Problem statement: Show every line below where "Mercedes" can be found.

Extracted data:
::::::::
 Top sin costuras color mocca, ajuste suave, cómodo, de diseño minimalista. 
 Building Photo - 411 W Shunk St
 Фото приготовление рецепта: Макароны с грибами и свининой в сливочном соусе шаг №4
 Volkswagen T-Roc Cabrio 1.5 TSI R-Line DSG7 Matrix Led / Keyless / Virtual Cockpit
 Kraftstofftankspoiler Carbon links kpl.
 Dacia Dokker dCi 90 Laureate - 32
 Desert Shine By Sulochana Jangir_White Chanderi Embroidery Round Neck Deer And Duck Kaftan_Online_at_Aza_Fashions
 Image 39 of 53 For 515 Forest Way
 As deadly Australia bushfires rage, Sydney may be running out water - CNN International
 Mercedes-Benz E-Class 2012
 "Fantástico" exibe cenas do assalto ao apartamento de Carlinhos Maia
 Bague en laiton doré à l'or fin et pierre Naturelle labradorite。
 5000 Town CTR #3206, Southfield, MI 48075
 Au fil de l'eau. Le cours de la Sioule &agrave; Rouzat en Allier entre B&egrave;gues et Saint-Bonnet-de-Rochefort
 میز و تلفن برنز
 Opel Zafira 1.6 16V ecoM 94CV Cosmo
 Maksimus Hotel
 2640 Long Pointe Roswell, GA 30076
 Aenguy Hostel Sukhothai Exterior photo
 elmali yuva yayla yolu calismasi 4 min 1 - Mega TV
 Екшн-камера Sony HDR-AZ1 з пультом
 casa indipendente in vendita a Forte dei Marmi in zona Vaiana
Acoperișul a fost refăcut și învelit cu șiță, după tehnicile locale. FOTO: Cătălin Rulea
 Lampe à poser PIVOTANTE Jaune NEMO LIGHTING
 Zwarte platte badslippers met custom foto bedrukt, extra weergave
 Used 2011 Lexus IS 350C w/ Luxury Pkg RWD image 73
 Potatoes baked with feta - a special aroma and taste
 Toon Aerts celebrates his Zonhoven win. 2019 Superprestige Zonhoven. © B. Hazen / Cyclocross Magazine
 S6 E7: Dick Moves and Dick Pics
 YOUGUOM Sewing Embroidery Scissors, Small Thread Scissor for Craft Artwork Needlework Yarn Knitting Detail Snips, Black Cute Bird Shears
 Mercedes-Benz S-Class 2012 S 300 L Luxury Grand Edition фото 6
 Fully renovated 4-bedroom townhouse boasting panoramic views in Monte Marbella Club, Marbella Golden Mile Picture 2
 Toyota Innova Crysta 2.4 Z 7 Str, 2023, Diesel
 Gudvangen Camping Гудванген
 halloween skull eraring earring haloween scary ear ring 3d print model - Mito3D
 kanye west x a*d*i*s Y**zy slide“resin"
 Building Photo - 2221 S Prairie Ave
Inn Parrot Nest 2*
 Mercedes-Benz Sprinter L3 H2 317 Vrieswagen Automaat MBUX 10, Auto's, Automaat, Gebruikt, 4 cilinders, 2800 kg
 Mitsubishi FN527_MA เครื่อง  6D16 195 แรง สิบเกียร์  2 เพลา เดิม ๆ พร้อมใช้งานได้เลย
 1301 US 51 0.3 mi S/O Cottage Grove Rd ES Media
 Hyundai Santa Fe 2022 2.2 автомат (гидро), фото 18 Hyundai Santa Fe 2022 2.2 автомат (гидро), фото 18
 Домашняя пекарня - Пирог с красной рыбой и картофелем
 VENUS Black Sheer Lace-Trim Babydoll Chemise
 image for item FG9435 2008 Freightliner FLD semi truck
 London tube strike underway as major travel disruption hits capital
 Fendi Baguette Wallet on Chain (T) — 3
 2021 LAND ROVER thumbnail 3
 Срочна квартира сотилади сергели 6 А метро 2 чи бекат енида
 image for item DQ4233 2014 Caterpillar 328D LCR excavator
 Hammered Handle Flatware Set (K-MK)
::::::::
Reply:
 Mercedes-Benz E-Class 2012
 Mercedes-Benz S-Class 2012 S 300 L Luxury Grand Edition фото 6
 Mercedes-Benz Sprinter L3 H2 317 Vrieswagen Automaat MBUX 10, Auto's, Automaat, Gebruikt, 4 cilinders, 2800 kg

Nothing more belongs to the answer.